▸ Exercise aim
Given the records below, would you repeat exactly the lines that begin at the one containing "A grey liquid" and end at the one containing "جلو باص كرتا - مطرز بالمرآة للنساء", inclusive?

[Material for this exercise Boundary: Start]

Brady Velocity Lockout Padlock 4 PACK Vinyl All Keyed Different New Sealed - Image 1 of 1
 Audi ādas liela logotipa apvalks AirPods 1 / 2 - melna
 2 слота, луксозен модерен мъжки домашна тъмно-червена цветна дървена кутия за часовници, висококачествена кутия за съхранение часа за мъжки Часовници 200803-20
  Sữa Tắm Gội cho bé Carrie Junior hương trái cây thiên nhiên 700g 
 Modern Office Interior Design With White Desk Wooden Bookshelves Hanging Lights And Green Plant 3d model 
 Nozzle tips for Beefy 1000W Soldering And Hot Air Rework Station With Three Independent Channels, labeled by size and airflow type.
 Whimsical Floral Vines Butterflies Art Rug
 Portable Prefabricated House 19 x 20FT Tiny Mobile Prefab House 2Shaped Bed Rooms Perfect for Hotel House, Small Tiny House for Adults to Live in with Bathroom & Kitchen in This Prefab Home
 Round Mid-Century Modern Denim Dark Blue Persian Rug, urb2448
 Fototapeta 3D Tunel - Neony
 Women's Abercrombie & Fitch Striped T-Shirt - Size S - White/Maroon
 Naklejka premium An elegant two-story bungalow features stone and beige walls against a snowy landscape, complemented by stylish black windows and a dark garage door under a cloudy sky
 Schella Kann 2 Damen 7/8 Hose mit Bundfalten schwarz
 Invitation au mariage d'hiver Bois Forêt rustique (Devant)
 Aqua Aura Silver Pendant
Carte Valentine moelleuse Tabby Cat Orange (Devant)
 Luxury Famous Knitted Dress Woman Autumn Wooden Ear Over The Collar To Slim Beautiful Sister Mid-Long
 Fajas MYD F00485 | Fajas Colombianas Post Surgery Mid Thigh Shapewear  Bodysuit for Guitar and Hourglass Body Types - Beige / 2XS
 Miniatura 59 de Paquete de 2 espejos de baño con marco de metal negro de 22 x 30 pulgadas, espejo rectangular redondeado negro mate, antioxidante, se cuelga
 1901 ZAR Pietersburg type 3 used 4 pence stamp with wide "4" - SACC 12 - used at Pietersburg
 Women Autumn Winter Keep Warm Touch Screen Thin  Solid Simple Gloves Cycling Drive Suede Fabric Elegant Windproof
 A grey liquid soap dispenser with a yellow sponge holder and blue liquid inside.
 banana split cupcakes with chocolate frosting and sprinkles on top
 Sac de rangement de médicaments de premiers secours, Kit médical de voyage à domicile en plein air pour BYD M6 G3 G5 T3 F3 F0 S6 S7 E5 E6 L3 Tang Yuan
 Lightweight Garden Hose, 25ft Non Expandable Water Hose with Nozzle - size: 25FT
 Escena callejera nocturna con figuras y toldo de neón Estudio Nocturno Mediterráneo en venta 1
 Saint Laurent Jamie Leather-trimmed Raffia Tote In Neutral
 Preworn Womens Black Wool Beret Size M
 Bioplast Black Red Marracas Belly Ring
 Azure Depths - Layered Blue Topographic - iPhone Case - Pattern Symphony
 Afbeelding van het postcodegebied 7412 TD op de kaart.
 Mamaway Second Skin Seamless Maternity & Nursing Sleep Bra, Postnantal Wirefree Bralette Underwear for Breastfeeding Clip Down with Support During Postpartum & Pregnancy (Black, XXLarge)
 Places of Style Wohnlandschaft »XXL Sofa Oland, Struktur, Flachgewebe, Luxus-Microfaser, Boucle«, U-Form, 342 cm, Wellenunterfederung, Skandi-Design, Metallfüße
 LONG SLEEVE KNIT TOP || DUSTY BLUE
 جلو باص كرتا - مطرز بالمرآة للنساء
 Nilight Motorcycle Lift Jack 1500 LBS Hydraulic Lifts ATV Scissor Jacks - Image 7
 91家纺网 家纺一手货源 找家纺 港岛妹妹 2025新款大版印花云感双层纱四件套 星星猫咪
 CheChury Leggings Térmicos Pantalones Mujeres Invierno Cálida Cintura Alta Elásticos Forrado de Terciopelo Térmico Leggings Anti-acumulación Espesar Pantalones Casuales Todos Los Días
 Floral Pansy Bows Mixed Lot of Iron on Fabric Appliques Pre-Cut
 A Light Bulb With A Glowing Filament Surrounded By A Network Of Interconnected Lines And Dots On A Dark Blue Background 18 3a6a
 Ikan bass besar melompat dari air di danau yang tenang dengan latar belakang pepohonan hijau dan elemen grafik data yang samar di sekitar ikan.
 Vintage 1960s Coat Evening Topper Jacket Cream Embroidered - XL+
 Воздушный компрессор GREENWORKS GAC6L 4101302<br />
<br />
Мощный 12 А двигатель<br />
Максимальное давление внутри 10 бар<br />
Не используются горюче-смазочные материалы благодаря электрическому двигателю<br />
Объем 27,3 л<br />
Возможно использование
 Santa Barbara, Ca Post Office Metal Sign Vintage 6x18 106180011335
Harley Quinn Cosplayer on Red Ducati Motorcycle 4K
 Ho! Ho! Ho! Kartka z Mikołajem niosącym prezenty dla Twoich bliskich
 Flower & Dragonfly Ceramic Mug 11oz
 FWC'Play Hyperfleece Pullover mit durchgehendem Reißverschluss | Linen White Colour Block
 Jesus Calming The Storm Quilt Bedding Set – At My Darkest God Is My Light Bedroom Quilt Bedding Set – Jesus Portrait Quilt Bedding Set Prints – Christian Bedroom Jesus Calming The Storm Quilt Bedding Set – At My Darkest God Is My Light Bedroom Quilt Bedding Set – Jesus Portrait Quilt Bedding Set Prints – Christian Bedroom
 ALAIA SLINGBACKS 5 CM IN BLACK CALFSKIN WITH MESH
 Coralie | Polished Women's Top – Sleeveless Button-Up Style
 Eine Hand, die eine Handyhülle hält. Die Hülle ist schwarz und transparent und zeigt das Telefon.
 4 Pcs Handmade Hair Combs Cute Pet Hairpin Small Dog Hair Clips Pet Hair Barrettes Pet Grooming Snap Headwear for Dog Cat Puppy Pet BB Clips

[Material for this exercise Boundary: End]

▸ Response area
 A grey liquid soap dispenser with a yellow sponge holder and blue liquid inside.
 banana split cupcakes with chocolate frosting and sprinkles on top
 Sac de rangement de médicaments de premiers secours, Kit médical de voyage à domicile en plein air pour BYD M6 G3 G5 T3 F3 F0 S6 S7 E5 E6 L3 Tang Yuan
 Lightweight Garden Hose, 25ft Non Expandable Water Hose with Nozzle - size: 25FT
 Escena callejera nocturna con figuras y toldo de neón Estudio Nocturno Mediterráneo en venta 1
 Saint Laurent Jamie Leather-trimmed Raffia Tote In Neutral
 Preworn Womens Black Wool Beret Size M
 Bioplast Black Red Marracas Belly Ring
 Azure Depths - Layered Blue Topographic - iPhone Case - Pattern Symphony
 Afbeelding van het postcodegebied 7412 TD op de kaart.
 Mamaway Second Skin Seamless Maternity & Nursing Sleep Bra, Postnantal Wirefree Bralette Underwear for Breastfeeding Clip Down with Support During Postpartum & Pregnancy (Black, XXLarge)
 Places of Style Wohnlandschaft »XXL Sofa Oland, Struktur, Flachgewebe, Luxus-Microfaser, Boucle«, U-Form, 342 cm, Wellenunterfederung, Skandi-Design, Metallfüße
 LONG SLEEVE KNIT TOP || DUSTY BLUE
 جلو باص كرتا - مطرز بالمرآة للنساء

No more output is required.